§ Task description
Reproduce exactly the lines from the one containing "Μυρμήγκια εν δράσει" through the last line of the records below, both included. Leave out any pictures.

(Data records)
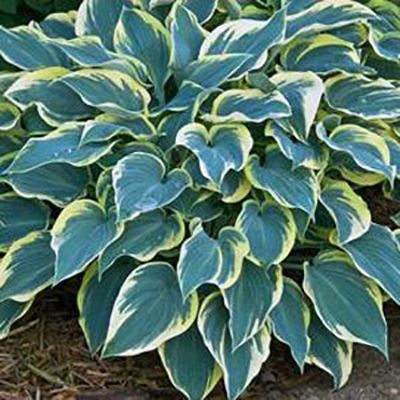 Hosta 'First Frost' - árnyékliliom Hosta 'First Frost' - árnyékliliom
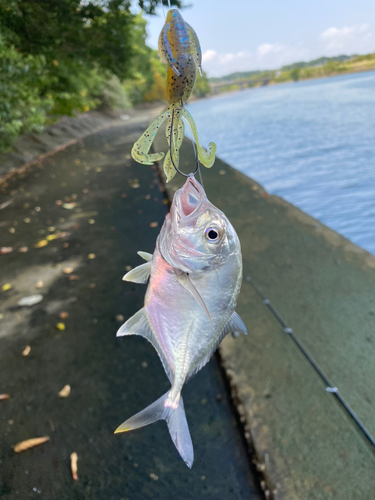 メッキの釣果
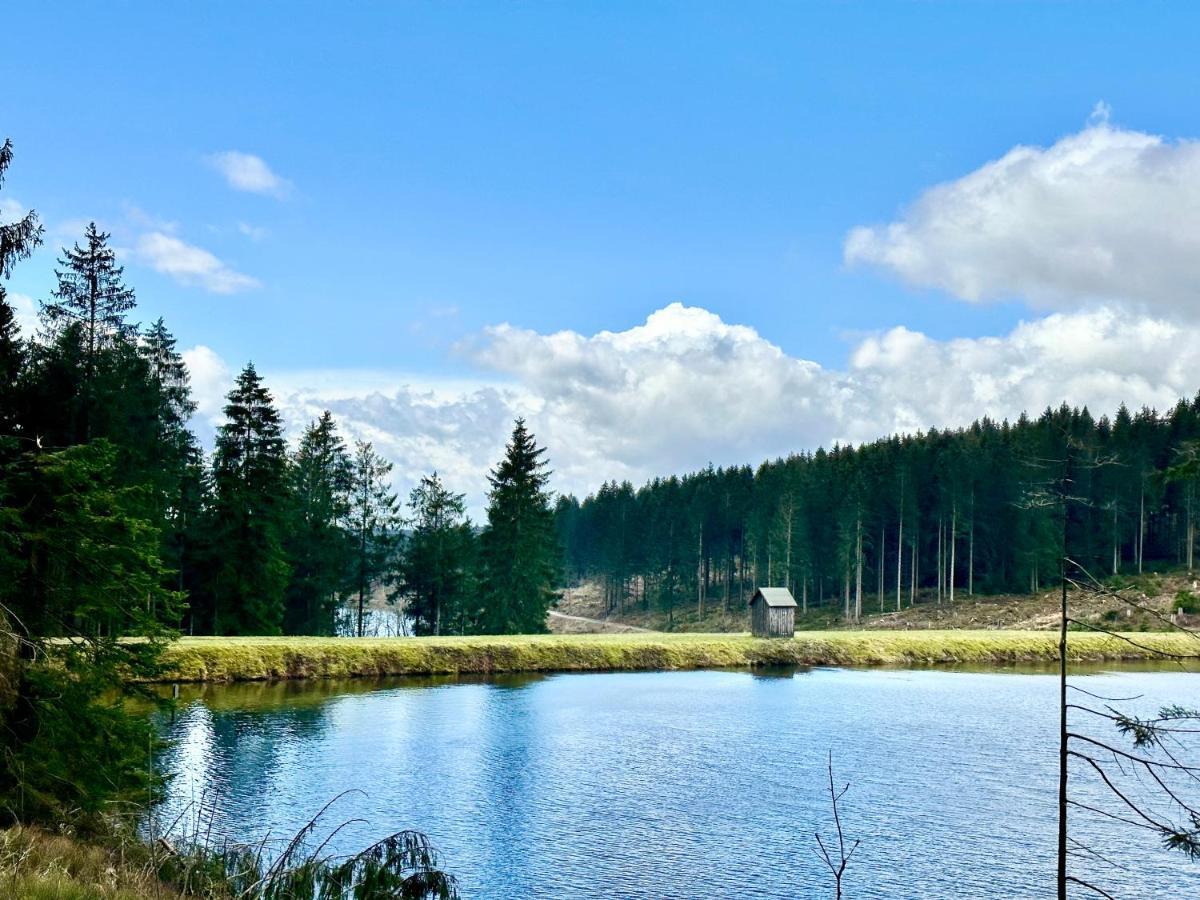 Schoene Aussicht! Langelsheim Kültér fotó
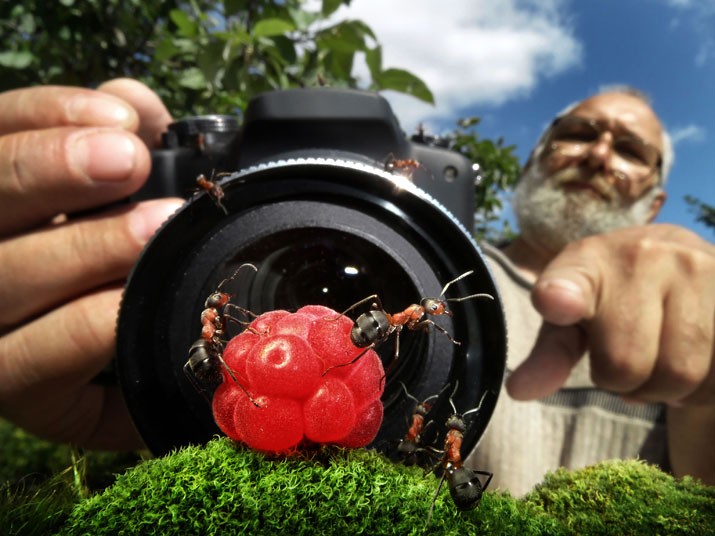 Μυρμήγκια εν δράσει – κι όμως δεν είναι Photoshop! - Φωτογραφία 1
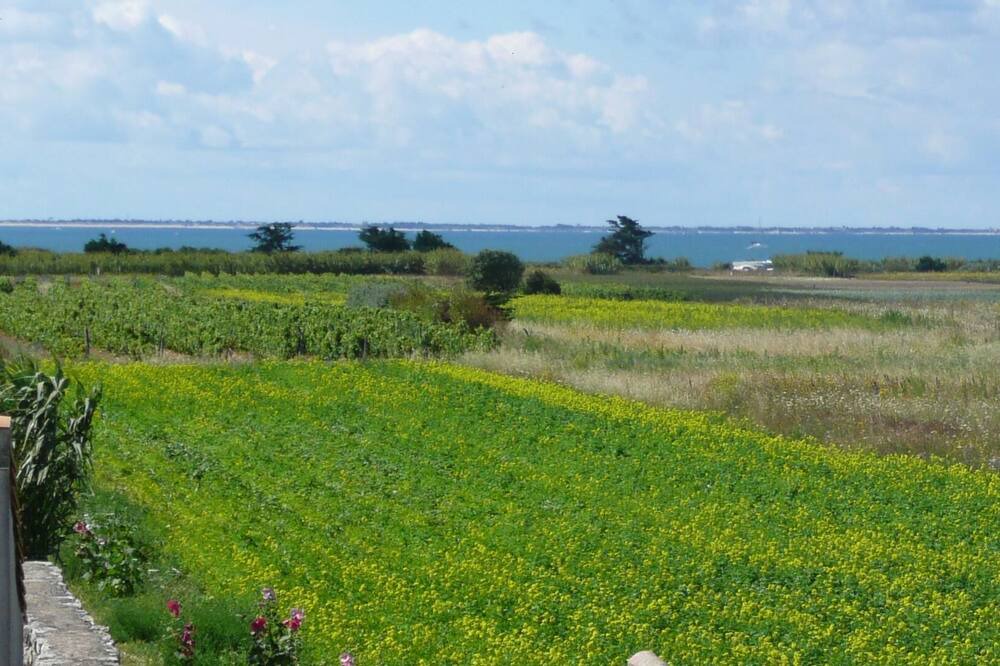 Photo of Outdoor in Sainte-Marie-de-Re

§ Response to the exercise
 Μυρμήγκια εν δράσει – κι όμως δεν είναι Photoshop! - Φωτογραφία 1
 Photo of Outdoor in Sainte-Marie-de-Re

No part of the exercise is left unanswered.